By Stuart M. Brown, Partner and Co-Chair, Commercial Transactions

So you’re thinking about selling your business. You decided that it is “time.” You are emotionally ready. You are financially ready. Great!

Working with sellers like you, here are four (yes, just four) points to consider before you go any further:

  • Create a deal team… you will need an experienced accountant, attorney, intermediary and financial planner. Experience is key, but do NOT settle for experience. Make sure that you have a good gut feeling for the person/firm. A good gut feeling includes being able to communicate easily and feel like you are on the same page as your advisors.
  • You will sell on your company’s past performance; however, the purchaser will buy based on what it views as future opportunities. So be realistic in your goal for a sale price. Be as introspective as possible (aka, don’t believe your own sales pitch because buyers will poke holes).
  • No one can guarantee you anything in addition to what you receive at the closing table. There are multiple ways to characterize sale price:
    • Cash at closing (which is most preferrable)
    • Deferred payments (you, as the seller, take back “paper,” a promissory note which is a contract from the buyer to pay you at a later date)
    • Contingent payments (these payments are predicated on an event occurring such as gross revenue or EBITDA targets post-closing, a concept referred to as an “earnout”)
    • Rollover equity (this means that you, as the seller “partner” with the buyer because you either retain a certain amount of your company’s equity or you get equity in the buyer in lieu of cash).

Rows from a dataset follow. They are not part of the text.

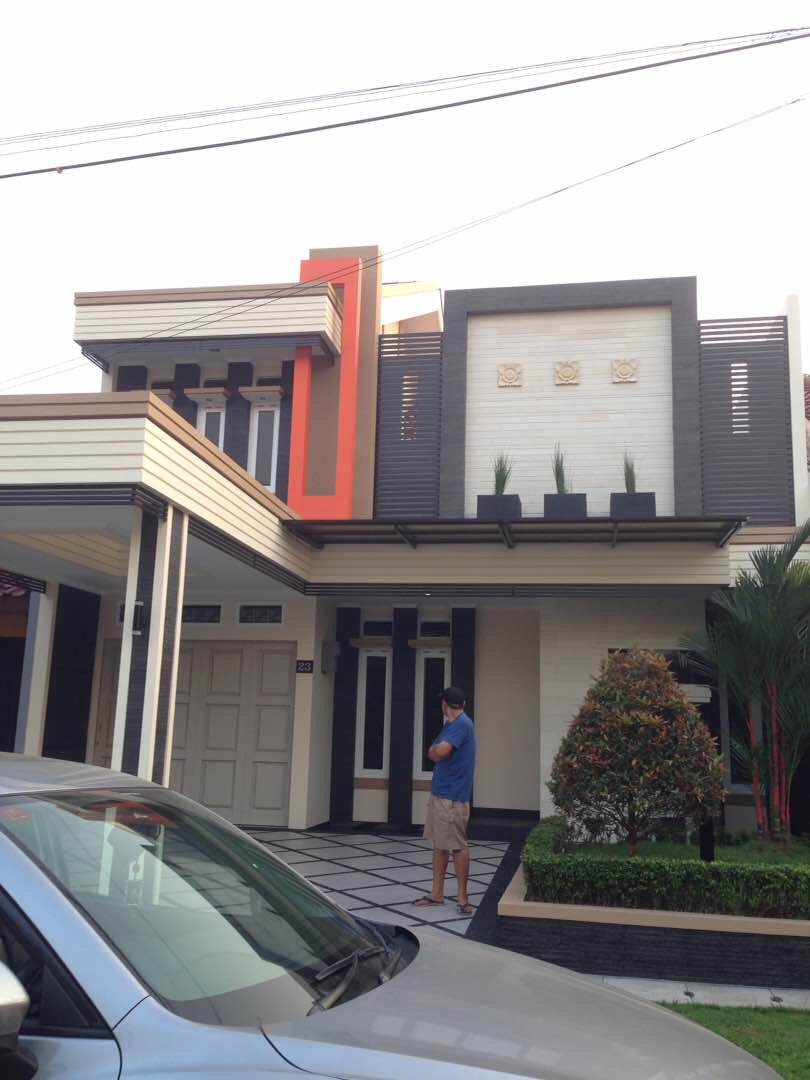 Dijual Rumah Di Taman Beverly Lippo Cikarang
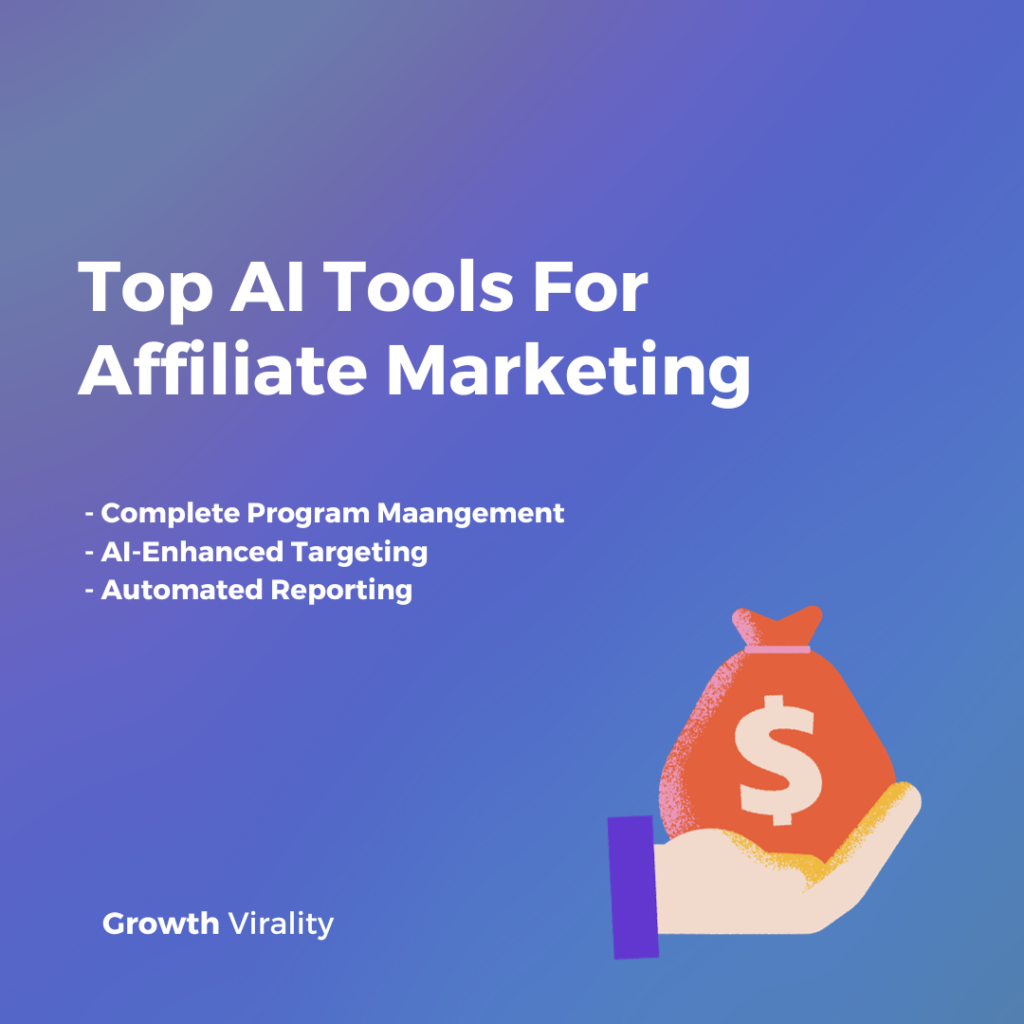 ai tools for affiliate marketing
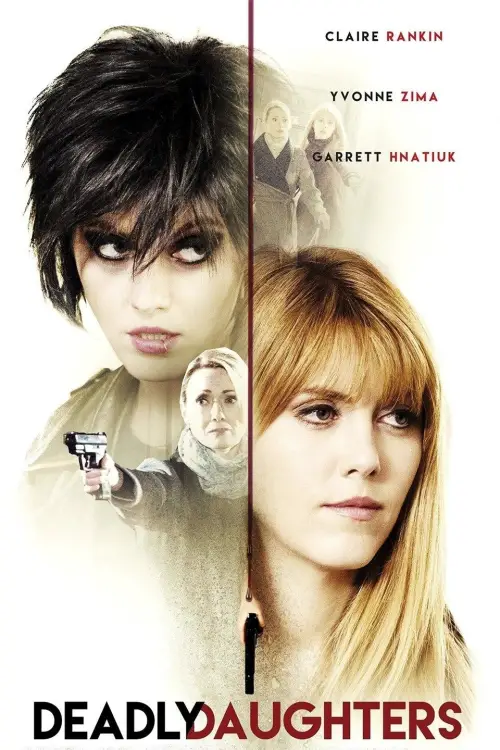 Movie poster "Deadly Daughters"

Be careful when it comes to structuring the payment of the sale price. The question that I often ask clients is would you rather sell your business to me if I offer you $50 million or to Sally if she offers you $7 million? The answer is obvious, right? Clearly, my offer is better. Oh, did I fail to mention that Sally is paying you $7 million at closing but I’m paying you $1 million at closing and $1 million a year for the next 49 years? Still think my offer is better?

  • If your transaction was a Broadway show, you should be in the starring role as the “reluctant seller.” Do NOT be anxious, meaning you should not purchase that red Ferrari until the deal closes. You have maximum leverage early in the negotiation process. Use your leverage, but don’t be a pig… remember, ultimately, pigs get slaughtered.

Each one of these points is worthy of a much longer discussion. Hopefully, you will choose a deal team that can properly advise you and manage your expectations. By the way, deals take time — don’t expect to close in 60 days. It rarely happens. So, enjoy the journey because the destination is within reach of the patient and thoughtful seller. Good luck!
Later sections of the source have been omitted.